YOUR OBJECTIVE: Where the data below shows a picture, leave that picture out and copy the rest exactly.

SUPPLIED INFORMATION:

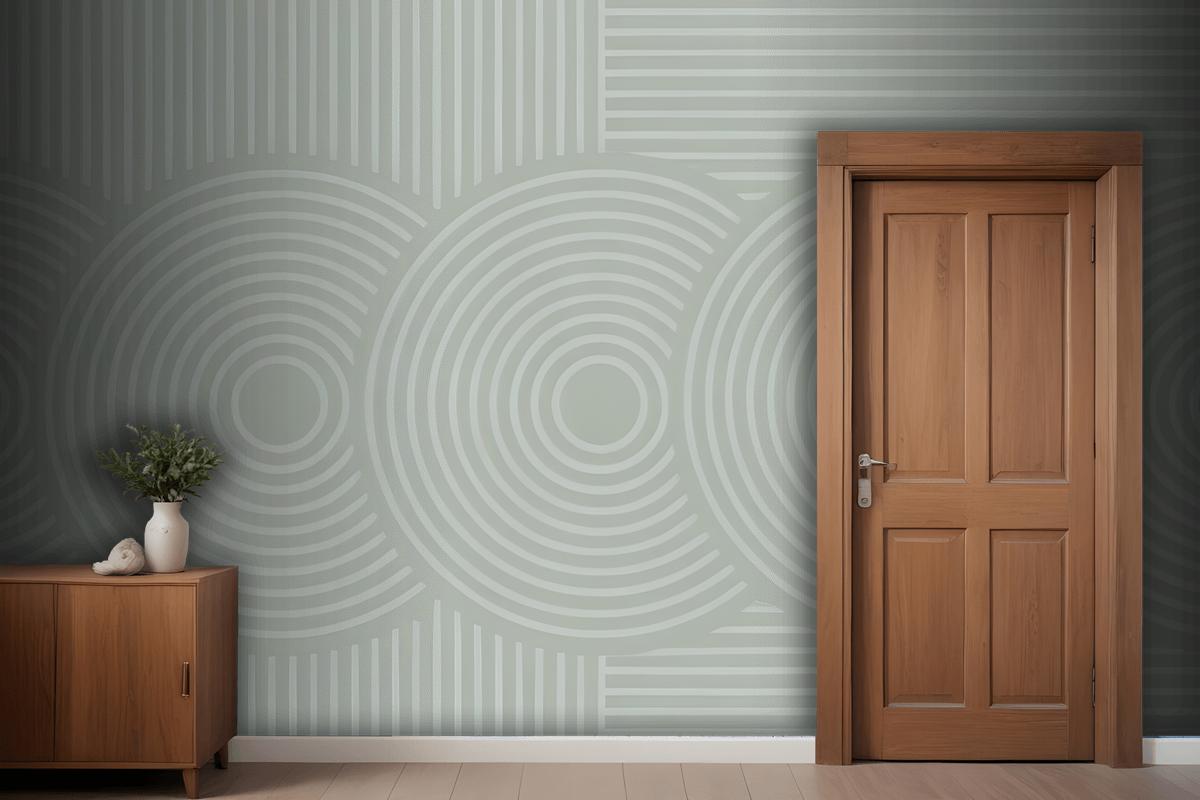 Concentric Circles And Vertical Lines In Green Wallpaper Mural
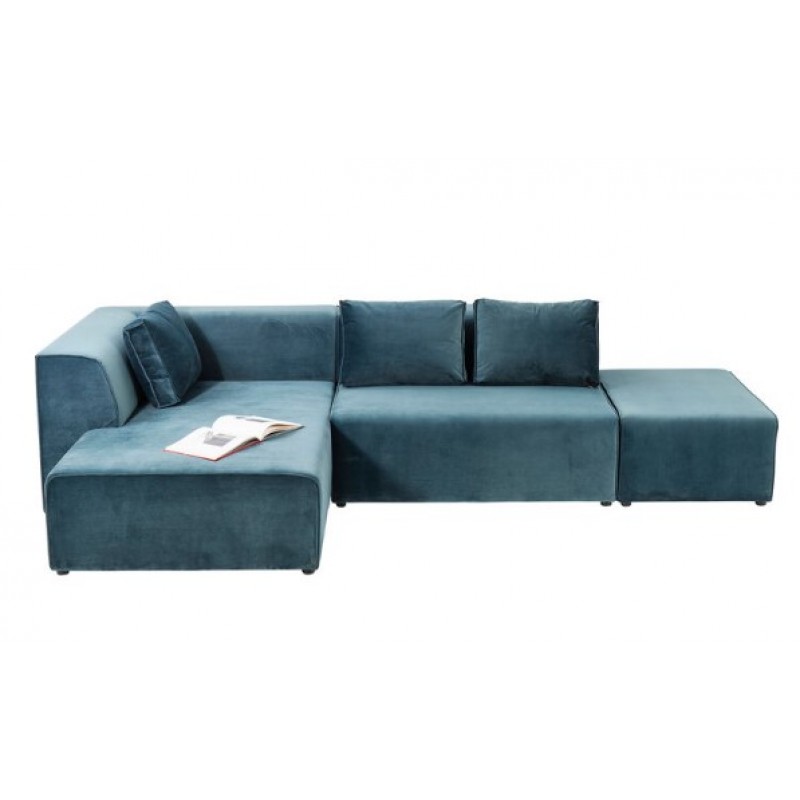 Corner Sofa Infinity Velvet Ocean Left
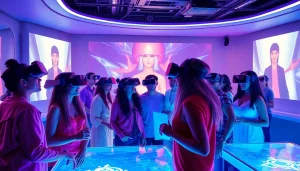 Engaging scene of users interacting with nsfw AI characters in a vibrant virtual lounge.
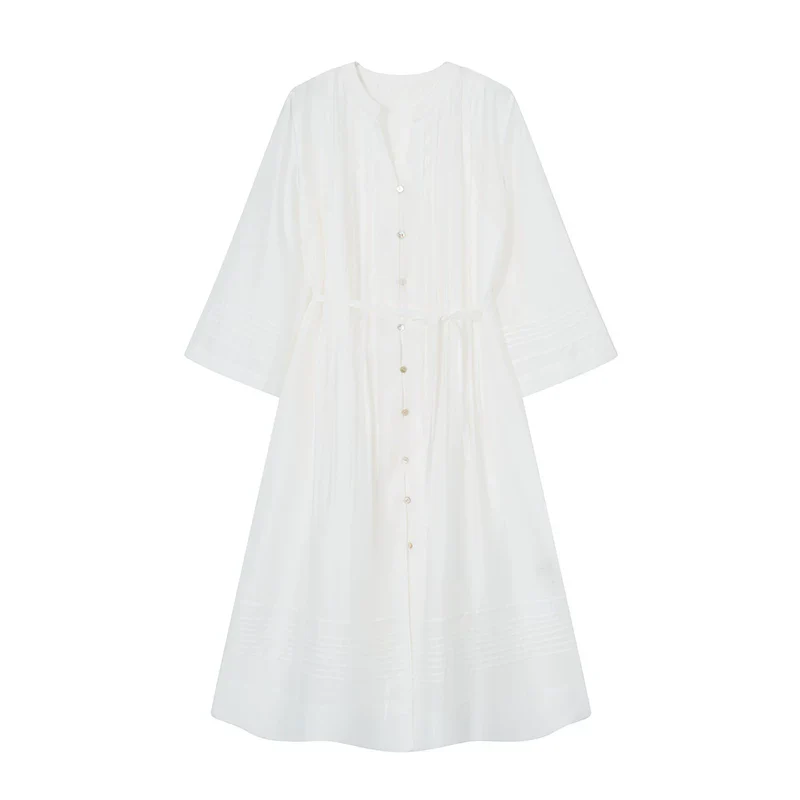Belted Pintuck Midi Shirt Dress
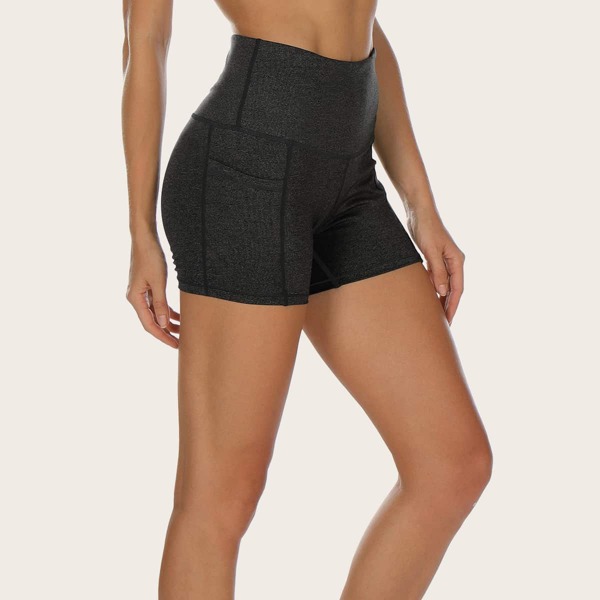 

Wide Waistband Cycling Sports Shorts, Black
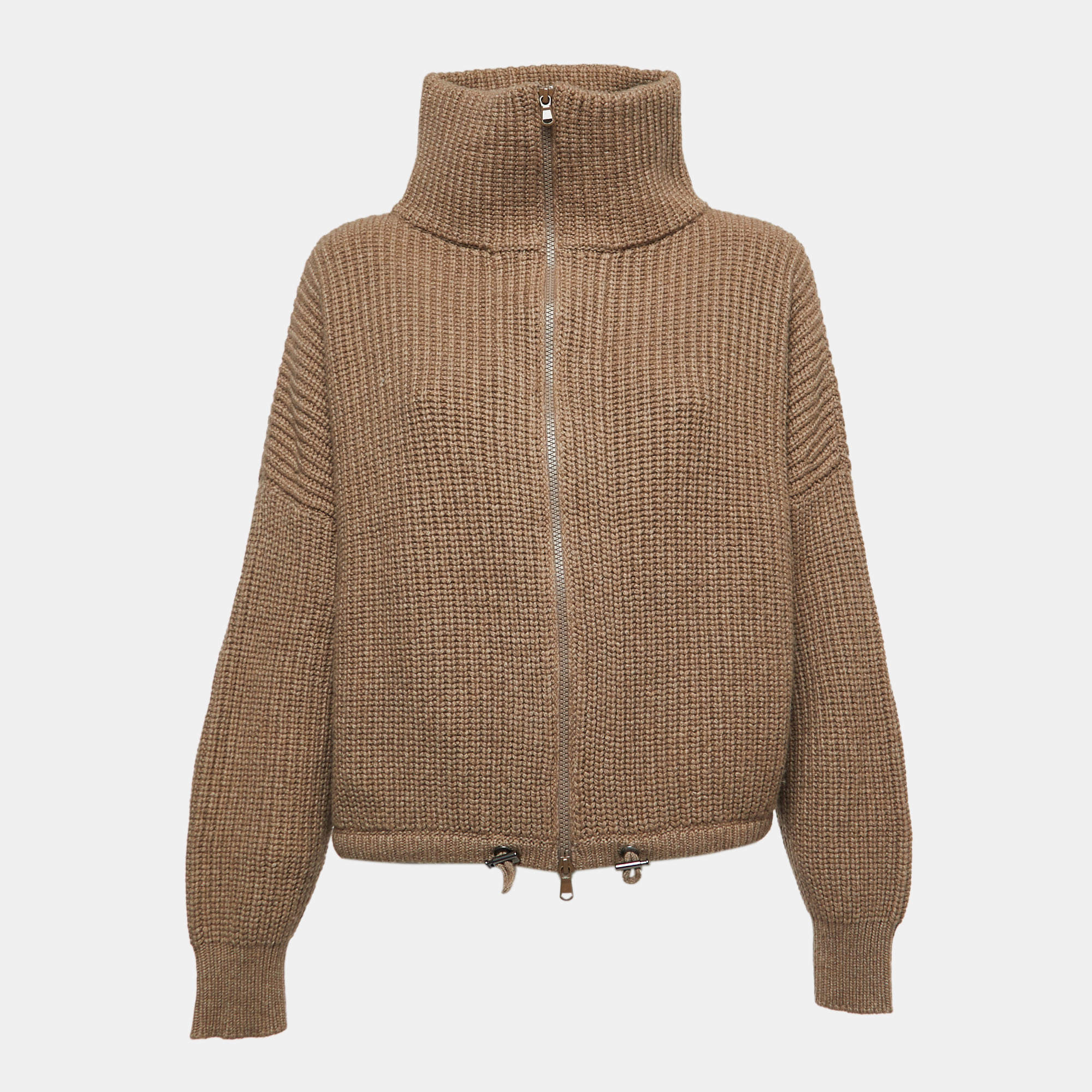 Brunello Cucinelli Brown Cashmere Zip-Up Jacket XL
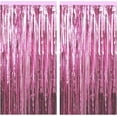 thumbnail image 1 of Olibuy 3pcs 3.3ft x 6.6ft Pink Metallic Tinsel Foil Fringe Curtains Photo Booth Props for Birthday Wedding Engagement Bridal Shower Baby Shower Bachelorette Holiday Celebration Party Decorations, 1 of 6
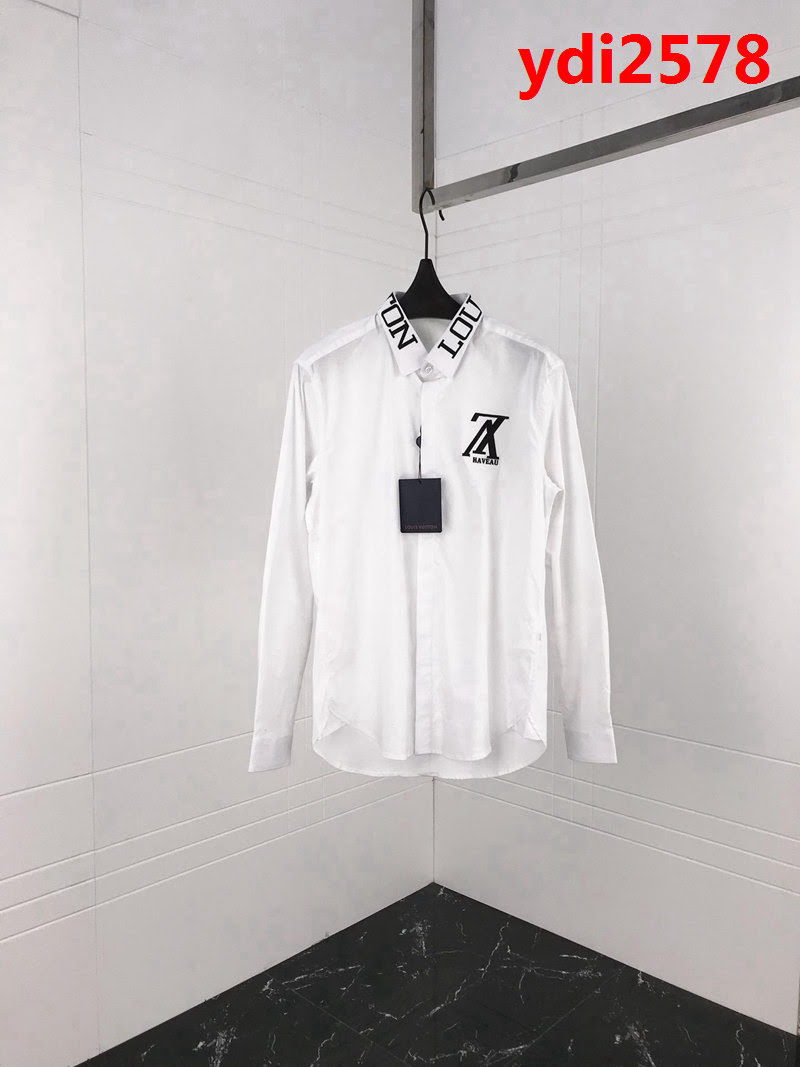 LV路易威登 19ss早春新款 領口胸口刺繡長袖襯衫 高端襯衫料 情侶款 ydi2578
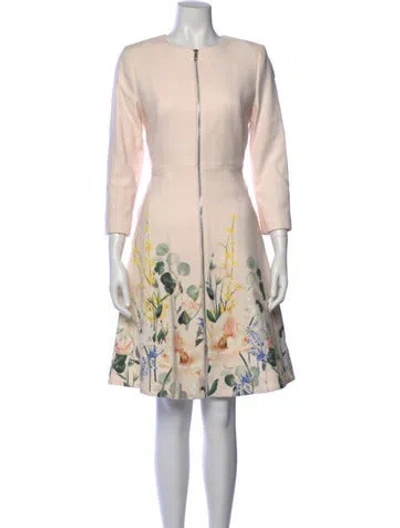Pre-owned Ted Baker Printed Knee-length Dress In Pink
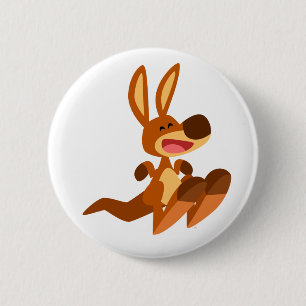 Cute Cartoon Kangaroo Joey 2 Inch Round Button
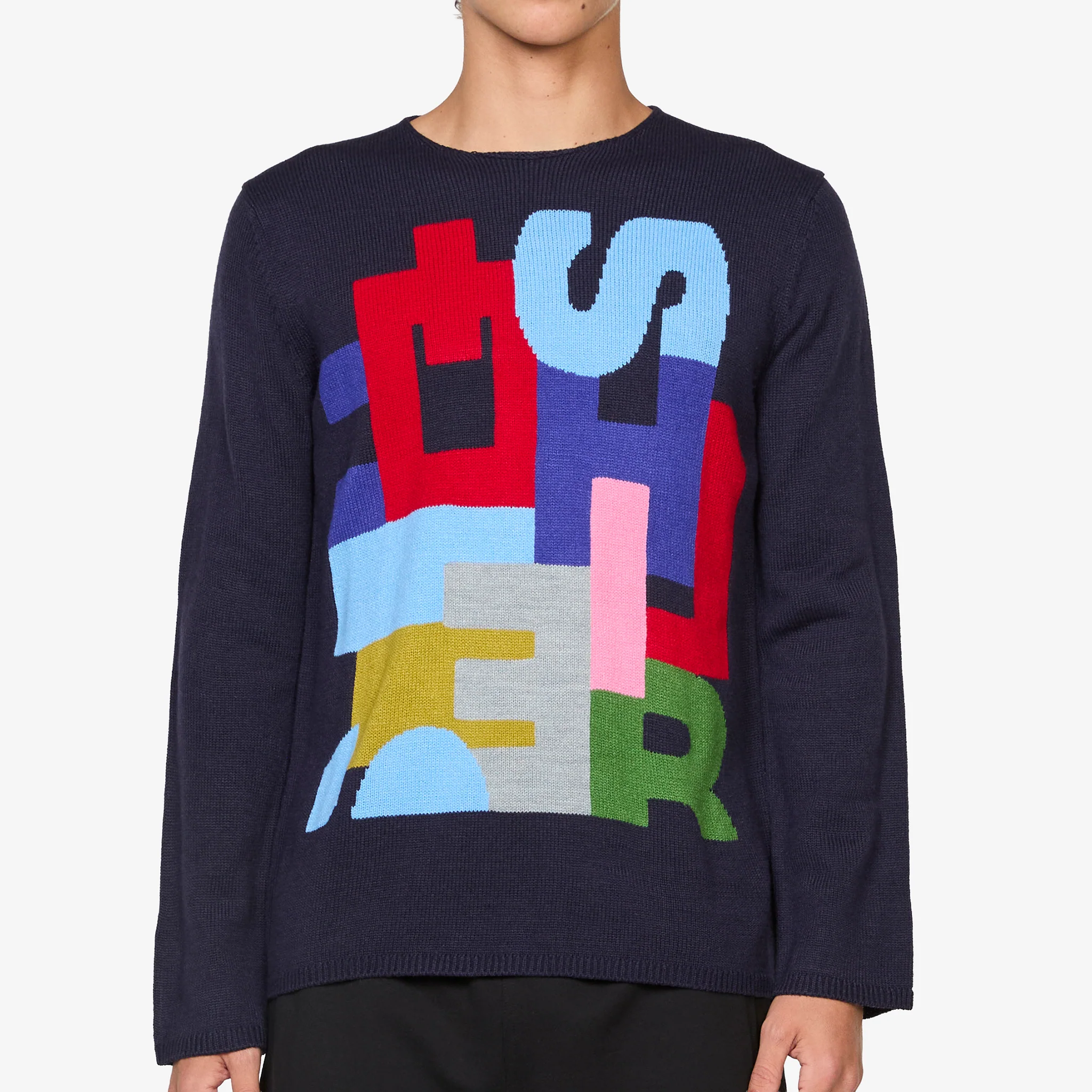 Intarsia Knit Sweater Navy - Image 4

WRITTEN ANSWER:
 Concentric Circles And Vertical Lines In Green Wallpaper Mural
 Corner Sofa Infinity Velvet Ocean Left
 Engaging scene of users interacting with nsfw AI characters in a vibrant virtual lounge.
Belted Pintuck Midi Shirt Dress

Wide Waistband Cycling Sports Shorts, Black
 Brunello Cucinelli Brown Cashmere Zip-Up Jacket XL
 thumbnail image 1 of Olibuy 3pcs 3.3ft x 6.6ft Pink Metallic Tinsel Foil Fringe Curtains Photo Booth Props for Birthday Wedding Engagement Bridal Shower Baby Shower Bachelorette Holiday Celebration Party Decorations, 1 of 6
 LV路易威登 19ss早春新款 領口胸口刺繡長袖襯衫 高端襯衫料 情侶款 ydi2578
Pre-owned Ted Baker Printed Knee-length Dress In Pink
 Cute Cartoon Kangaroo Joey 2 Inch Round Button
 Intarsia Knit Sweater Navy - Image 4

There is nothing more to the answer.